→ Task
Repeat the data below in full. Pictures must not be part of the copy.

→ Available data
==========
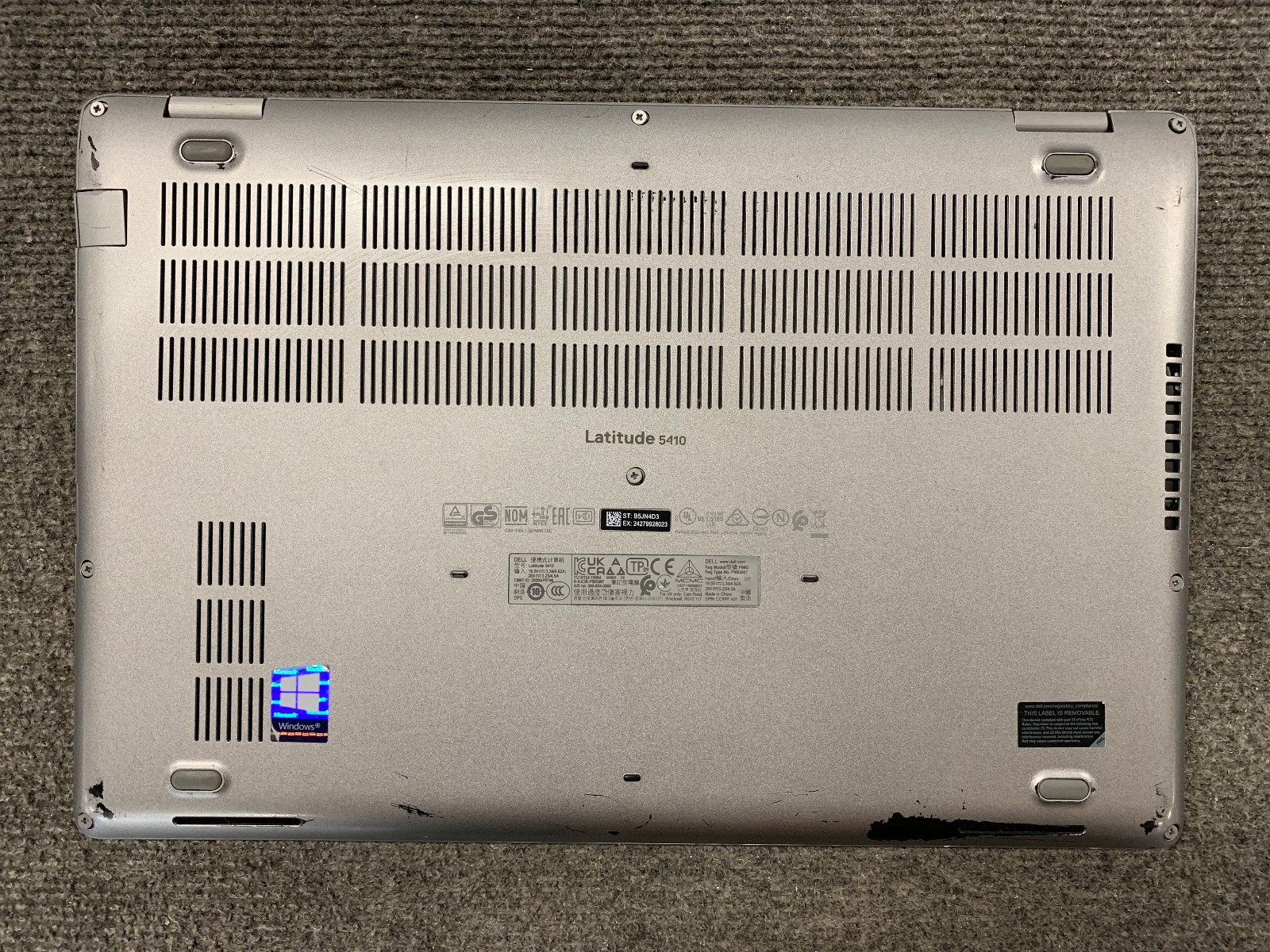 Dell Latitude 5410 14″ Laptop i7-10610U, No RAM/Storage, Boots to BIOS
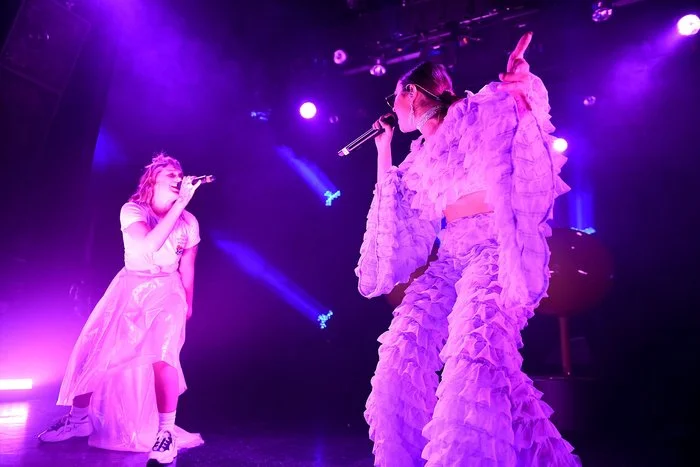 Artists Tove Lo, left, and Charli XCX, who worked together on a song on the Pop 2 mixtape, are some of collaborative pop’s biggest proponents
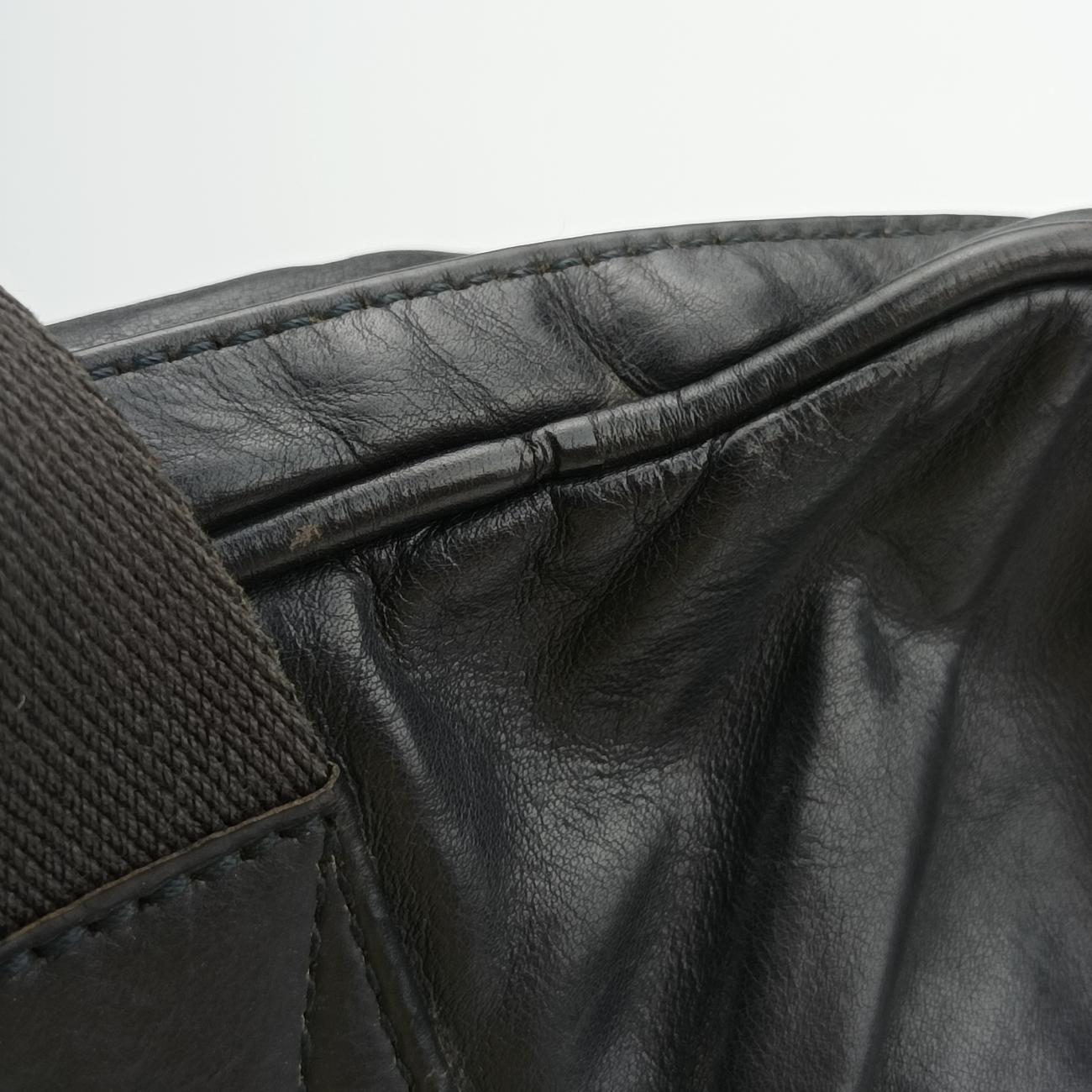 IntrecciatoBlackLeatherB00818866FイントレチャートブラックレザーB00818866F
==========
→ Solution
 Dell Latitude 5410 14″ Laptop i7-10610U, No RAM/Storage, Boots to BIOS
 Artists Tove Lo, left, and Charli XCX, who worked together on a song on the Pop 2 mixtape, are some of collaborative pop’s biggest proponents
 IntrecciatoBlackLeatherB00818866FイントレチャートブラックレザーB00818866F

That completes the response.